(The data begins)
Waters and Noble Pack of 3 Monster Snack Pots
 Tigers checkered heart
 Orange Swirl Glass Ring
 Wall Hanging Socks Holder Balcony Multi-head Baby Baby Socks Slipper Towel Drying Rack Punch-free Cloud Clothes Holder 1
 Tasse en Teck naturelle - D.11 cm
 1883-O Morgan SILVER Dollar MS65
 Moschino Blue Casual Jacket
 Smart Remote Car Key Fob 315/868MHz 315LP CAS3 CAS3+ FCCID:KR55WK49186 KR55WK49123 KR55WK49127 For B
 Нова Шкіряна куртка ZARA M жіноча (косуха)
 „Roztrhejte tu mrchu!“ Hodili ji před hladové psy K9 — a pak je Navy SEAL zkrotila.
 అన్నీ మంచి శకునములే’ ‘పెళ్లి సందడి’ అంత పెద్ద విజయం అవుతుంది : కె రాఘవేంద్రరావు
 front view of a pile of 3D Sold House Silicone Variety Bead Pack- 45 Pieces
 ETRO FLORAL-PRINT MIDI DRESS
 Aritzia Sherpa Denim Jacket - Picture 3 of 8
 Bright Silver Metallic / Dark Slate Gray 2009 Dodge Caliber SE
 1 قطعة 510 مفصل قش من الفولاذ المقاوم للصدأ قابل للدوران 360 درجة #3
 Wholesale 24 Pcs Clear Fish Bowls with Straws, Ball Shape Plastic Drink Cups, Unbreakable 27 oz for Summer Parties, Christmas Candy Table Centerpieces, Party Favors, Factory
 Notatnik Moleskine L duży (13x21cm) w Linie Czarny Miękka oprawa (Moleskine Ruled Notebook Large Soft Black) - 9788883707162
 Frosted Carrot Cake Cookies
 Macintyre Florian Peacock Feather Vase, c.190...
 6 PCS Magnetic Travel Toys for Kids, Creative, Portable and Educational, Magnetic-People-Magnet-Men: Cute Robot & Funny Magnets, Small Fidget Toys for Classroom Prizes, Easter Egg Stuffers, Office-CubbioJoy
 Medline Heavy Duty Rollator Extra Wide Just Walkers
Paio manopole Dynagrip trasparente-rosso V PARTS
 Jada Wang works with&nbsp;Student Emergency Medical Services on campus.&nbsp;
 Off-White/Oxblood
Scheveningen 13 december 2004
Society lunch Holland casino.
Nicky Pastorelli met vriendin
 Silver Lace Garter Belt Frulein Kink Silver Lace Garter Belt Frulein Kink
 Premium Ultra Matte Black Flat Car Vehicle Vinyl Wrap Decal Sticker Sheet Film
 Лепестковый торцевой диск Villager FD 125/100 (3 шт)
(The data ends)
Exercise description:
Copy each line of the preceding material that contains "Jacket".

Output of the task:
 Moschino Blue Casual Jacket
 Aritzia Sherpa Denim Jacket - Picture 3 of 8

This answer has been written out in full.